Engine pods announce themselves to the gateway via periodic heartbeat messages over the existing gRPC Reporting channel. The gateway maintains a registry of known pods with TTL-based expiry. On health queries, the gateway returns the registry and optionally probes pods nearing TTL expiry.
heartbeat (10s interval)
┌──────────────┐ ────────────────────────────────▶ ┌──────────────────┐
│ Engine Pod 1 │ PodHeartbeat{pod_id, services, │ │
│ │ started_at, version, load} │ Gateway │
└──────────────┘ │ │
│ ┌────────────┐ │
┌──────────────┐ ────────────────────────────────▶ │ │ Registry │ │
│ Engine Pod 2 │ │ │ (TTL=30s) │ │
└──────────────┘ │ └────────────┘ │
│ │
┌──────────────┐ ────────────────────────────────▶ │ GET /health │
│ Engine Pod N │ │ → all pods │
└──────────────┘ └──────────────────┘
message PodHeartbeat {
string pod_id = 1; // stable identifier (hostname or UUID)

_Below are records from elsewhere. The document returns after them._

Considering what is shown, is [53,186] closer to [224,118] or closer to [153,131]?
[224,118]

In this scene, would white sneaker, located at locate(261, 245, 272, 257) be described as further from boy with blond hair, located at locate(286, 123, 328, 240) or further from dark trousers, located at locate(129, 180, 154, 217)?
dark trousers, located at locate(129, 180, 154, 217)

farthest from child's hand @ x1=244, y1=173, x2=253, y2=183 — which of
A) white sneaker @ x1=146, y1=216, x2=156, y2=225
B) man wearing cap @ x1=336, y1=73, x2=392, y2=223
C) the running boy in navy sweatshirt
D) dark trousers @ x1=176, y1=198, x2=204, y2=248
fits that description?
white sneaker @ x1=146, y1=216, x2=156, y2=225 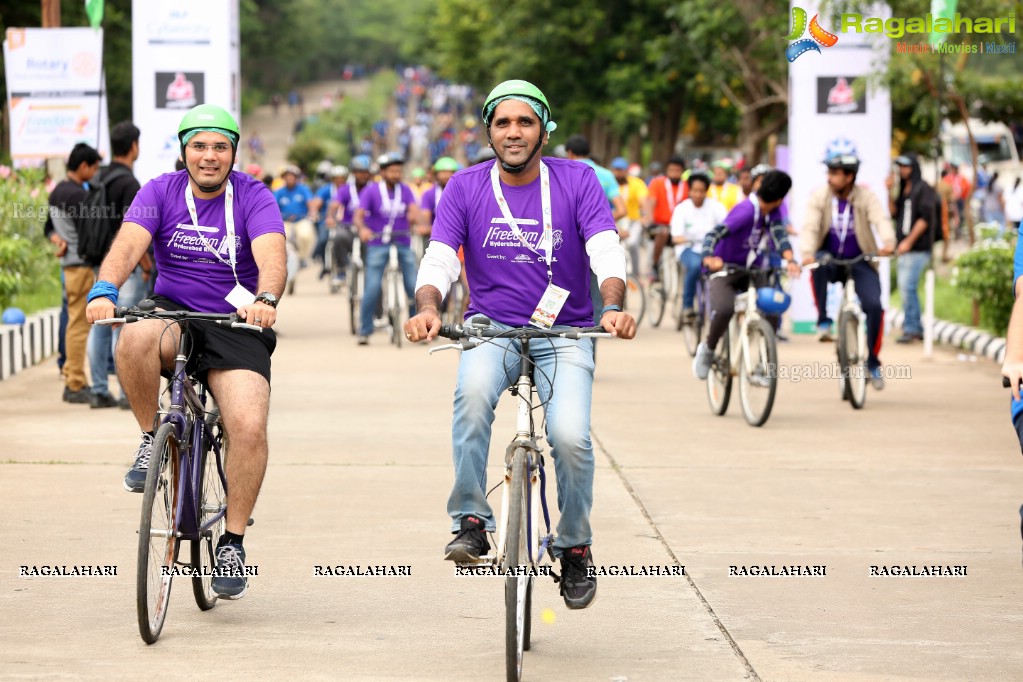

string version = 2; // apme-engine version
map<string, string> services = 3; // name → address (e.g. "primary" → "10.0.1.5:50051")
google.protobuf.Timestamp started_at = 4;
float cpu_load = 5; // optional: enables future load-aware routing
}
// Added to Reporting service
rpc PodHeartbeat(PodHeartbeat) returns (ReportAck);- In-memory dictionary keyed by
pod_id, storing the latest heartbeat + received timestamp - Entries expire after
TTL(default 30s, configurable) - Expired entries are pruned lazily on health queries and periodically by a background task
- No persistent storage needed — pods re-announce on restart
| Scenario | Behavior |
|---|---|
| Single pod (current) | Falls back to static _UPSTREAM_SERVICES list when registry is empty — fully backward-compatible |
| Multi-pod | Returns all registered pods with per-service health status from the last heartbeat |
| Pod nearing TTL | Gateway optionally does an on-demand gRPC probe to distinguish "slow heartbeat" from "actually dead" before marking unavailable |
| Pod crash | TTL expires → pod removed from registry on next prune cycle |
The GrpcReportingSink already runs a background health loop every 10s. The heartbeat piggybacks on this loop:
async def _health_loop(self) -> None:
while True:
await asyncio.sleep(_HEALTH_INTERVAL_S)
await self._probe()
if self._available:
await self._send_heartbeat() # new: announce to gatewayNo new connections, no new dependencies. The heartbeat uses the same gRPC channel and stub.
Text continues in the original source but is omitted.